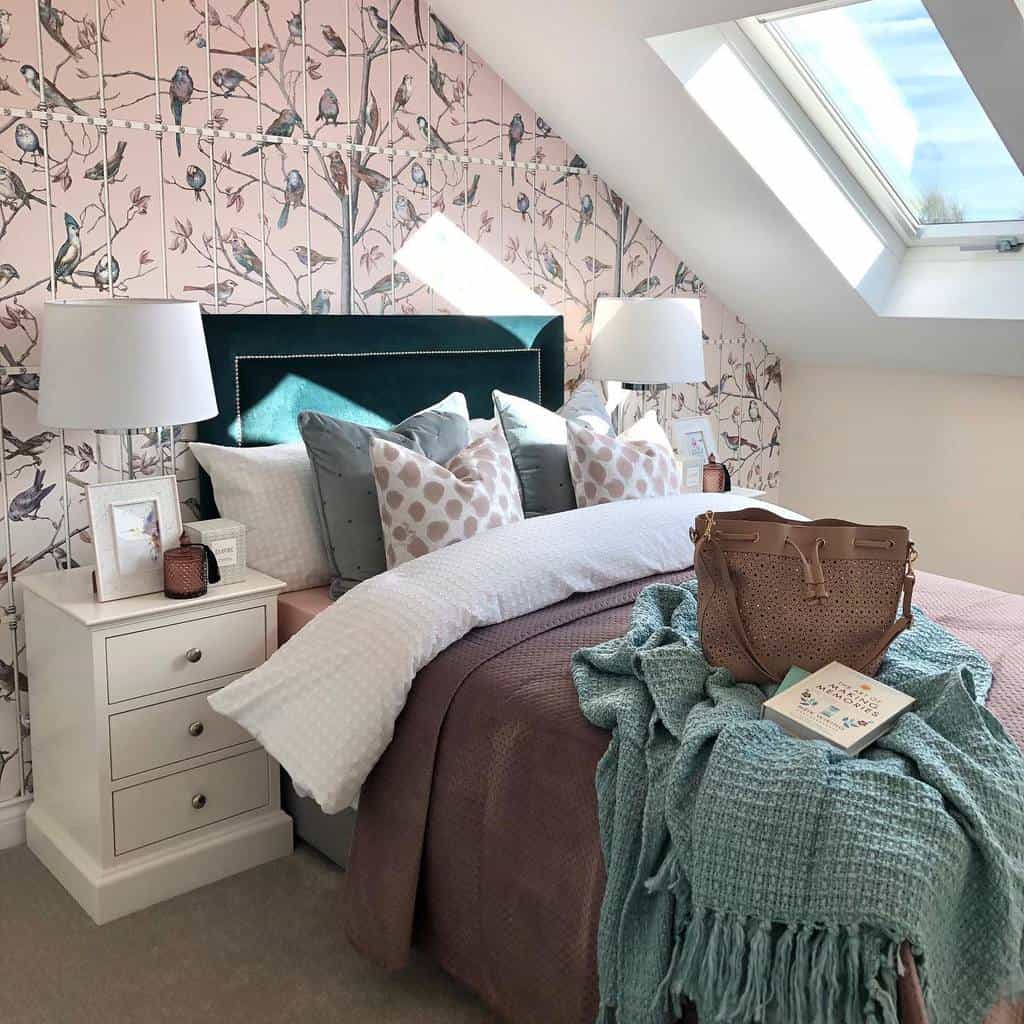 Attic bedroom with pink bird wallpaper, velvet headboard, and cozy bedding under skylight.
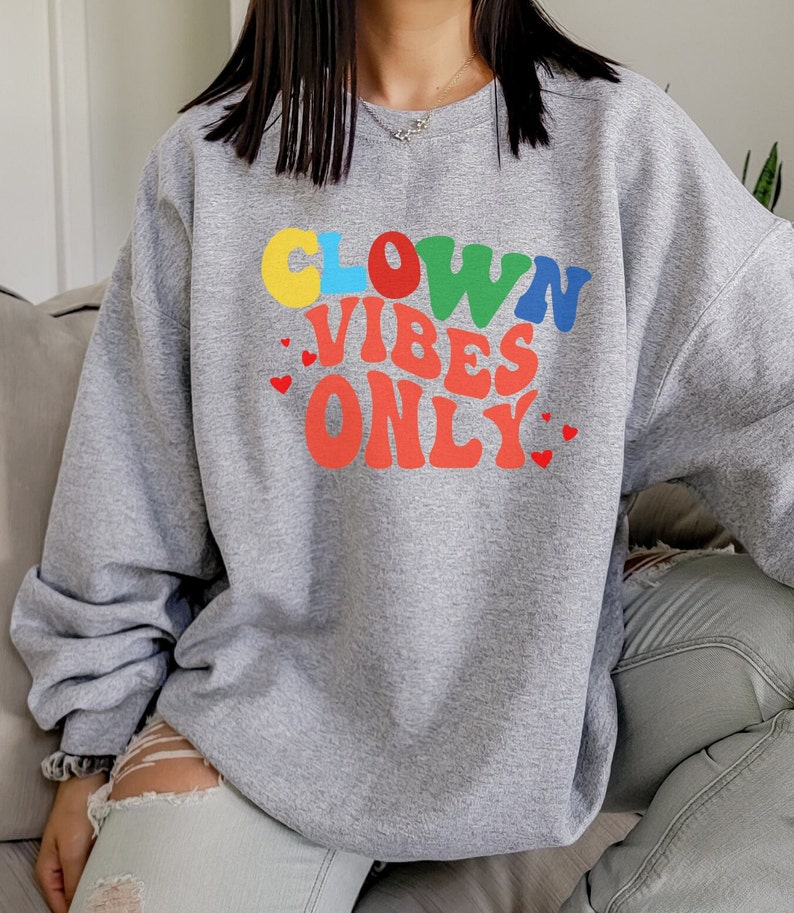 Może przedstawiać: Szara bluza z kolorowym nadrukiem, na kt&oacute;rym widnieje napis "Clown Vibes Only" w retro czcionce. Nadruk zawiera r&oacute;wnież małe czerwone serduszka.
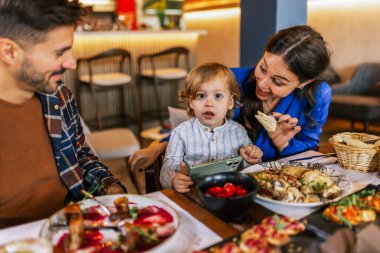 Üç kişilik bir aile lezzetli bir restoranda yemek yiyor. Yiyecek ve içecek konsepti.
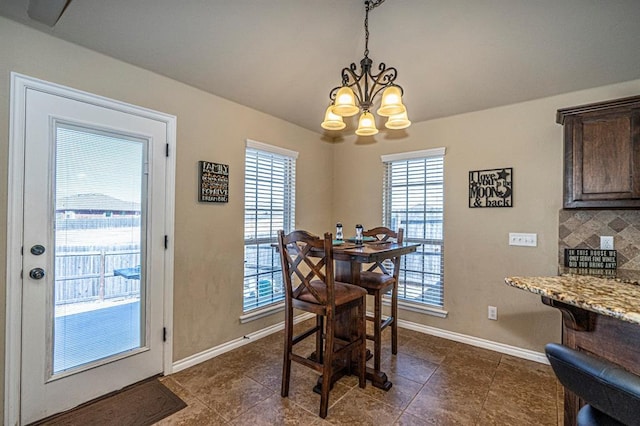 1613 NW 124th St, Oklahoma City, OK 73120 - dining area featuring a chandelier and dark tile patterned flooring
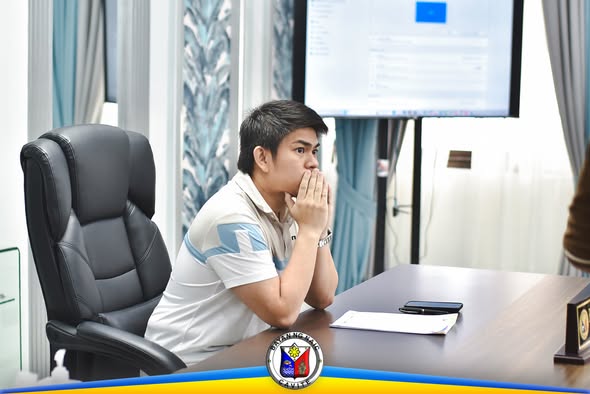 Lalaking nakaupo sa harap ng screen habang nanonood ng PDRA meeting sa opisina ng Naic, Cavite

━━━━━━━━━━

EXERCISE REQUIREMENTS: Print the entire listing above verbatim. No picture should be included.

ANSWER SECTION:
 Attic bedroom with pink bird wallpaper, velvet headboard, and cozy bedding under skylight.
 Może przedstawiać: Szara bluza z kolorowym nadrukiem, na kt&oacute;rym widnieje napis "Clown Vibes Only" w retro czcionce. Nadruk zawiera r&oacute;wnież małe czerwone serduszka.
 Üç kişilik bir aile lezzetli bir restoranda yemek yiyor. Yiyecek ve içecek konsepti.
 1613 NW 124th St, Oklahoma City, OK 73120 - dining area featuring a chandelier and dark tile patterned flooring
 Lalaking nakaupo sa harap ng screen habang nanonood ng PDRA meeting sa opisina ng Naic, Cavite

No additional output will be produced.